* Assigned task
Write the listing out again word for word. Pictures do not belong in the copy.

* Dataset excerpt
=-=-=-=-=

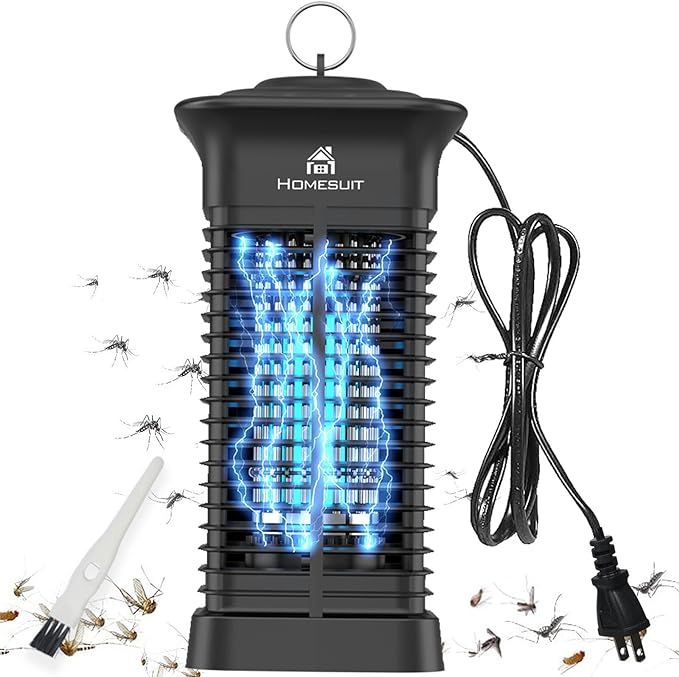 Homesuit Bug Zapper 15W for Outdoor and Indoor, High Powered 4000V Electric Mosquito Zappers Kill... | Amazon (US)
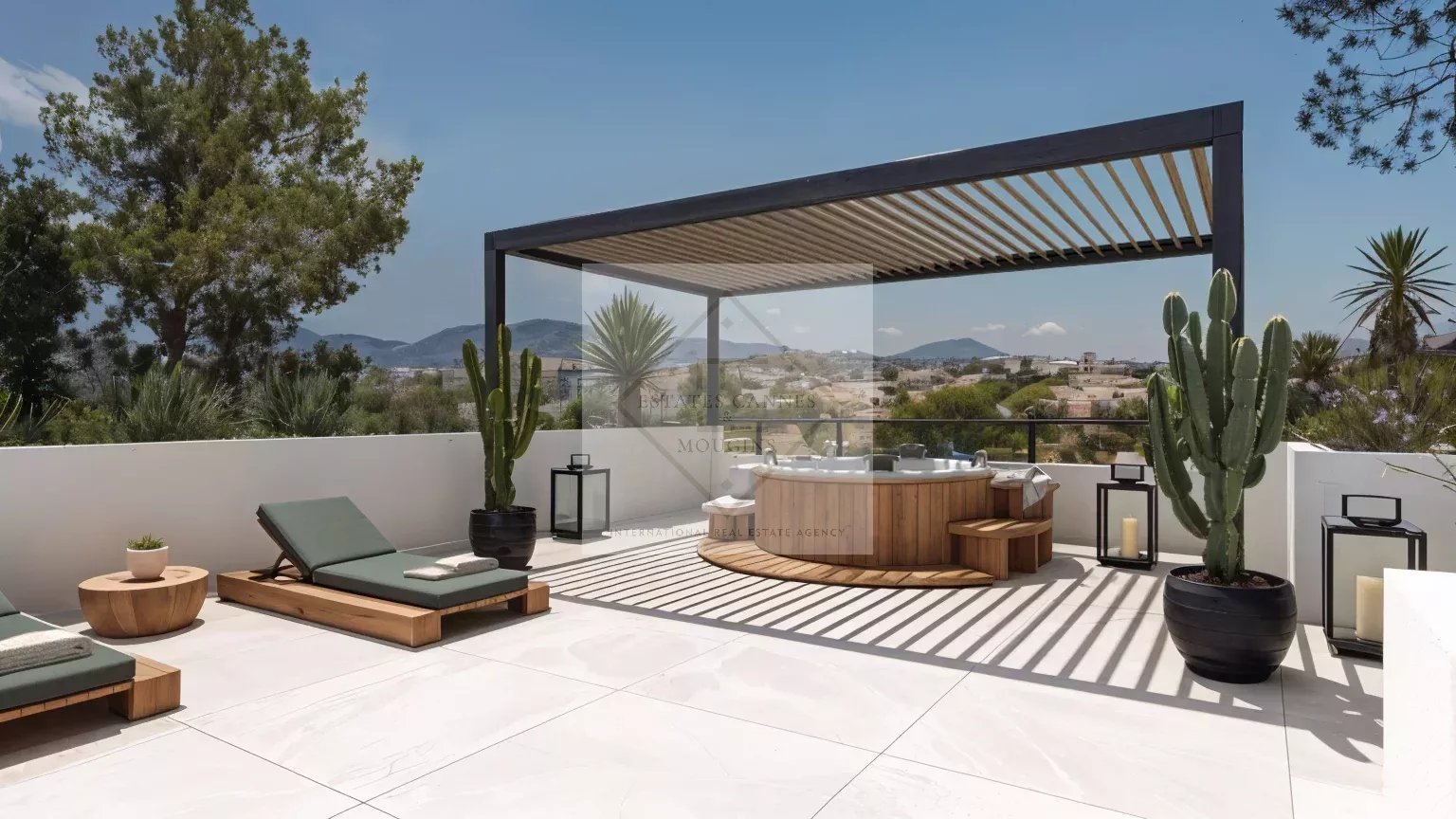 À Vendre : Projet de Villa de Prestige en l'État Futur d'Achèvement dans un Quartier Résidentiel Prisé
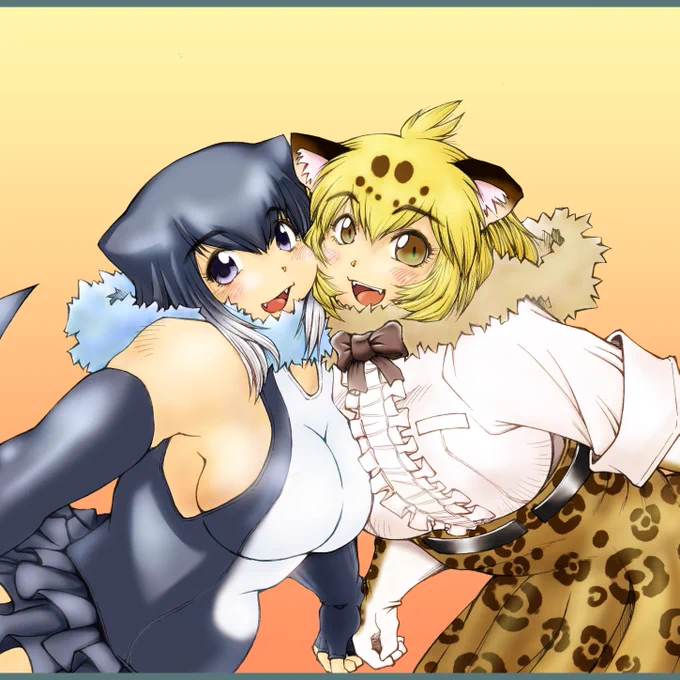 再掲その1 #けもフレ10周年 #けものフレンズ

=-=-=-=-=

* Exercise result
 Homesuit Bug Zapper 15W for Outdoor and Indoor, High Powered 4000V Electric Mosquito Zappers Kill... | Amazon (US)
 À Vendre : Projet de Villa de Prestige en l'État Futur d'Achèvement dans un Quartier Résidentiel Prisé
 再掲その1 #けもフレ10周年 #けものフレンズ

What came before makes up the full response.